● SUPPLIED MATERIAL

_ _ _ _ _

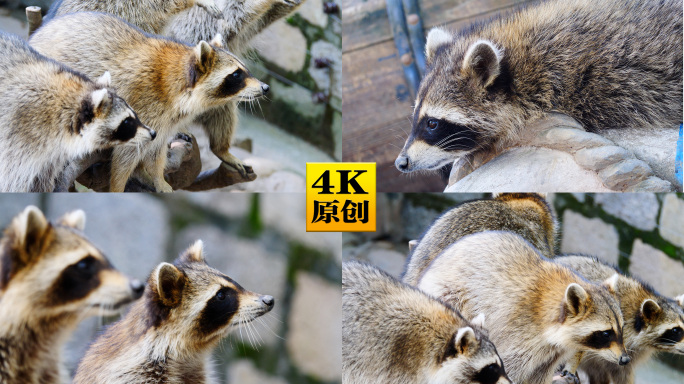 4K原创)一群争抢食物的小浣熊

_ _ _ _ _

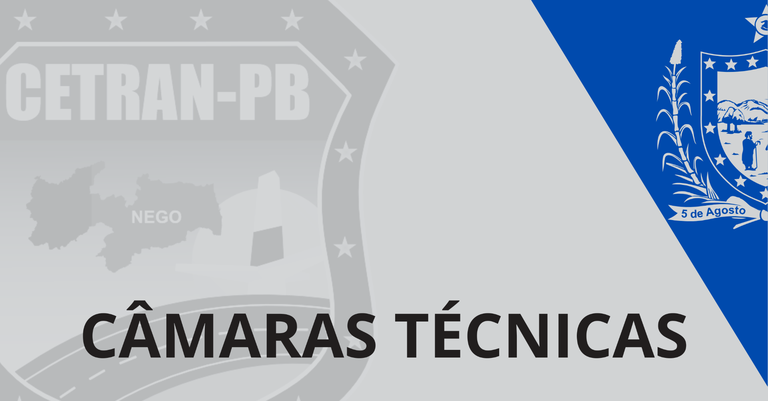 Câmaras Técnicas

_ _ _ _ _

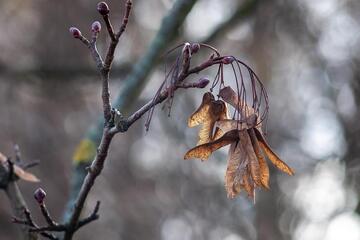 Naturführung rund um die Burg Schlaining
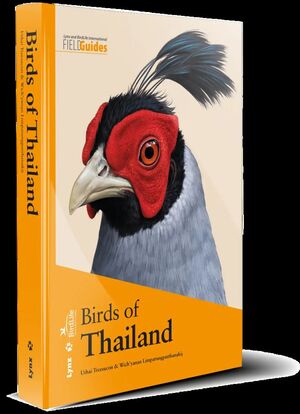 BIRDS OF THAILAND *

_ _ _ _ _

● EXERCISE AIM
Out of the records above, return only the lines from the one with "Naturführung rund um die Burg Schlaining" through the one with "BIRDS OF THAILAND *", exactly, and none of the pictures.

● SOLUTION FOR THIS EXERCISE
 Naturführung rund um die Burg Schlaining
 BIRDS OF THAILAND *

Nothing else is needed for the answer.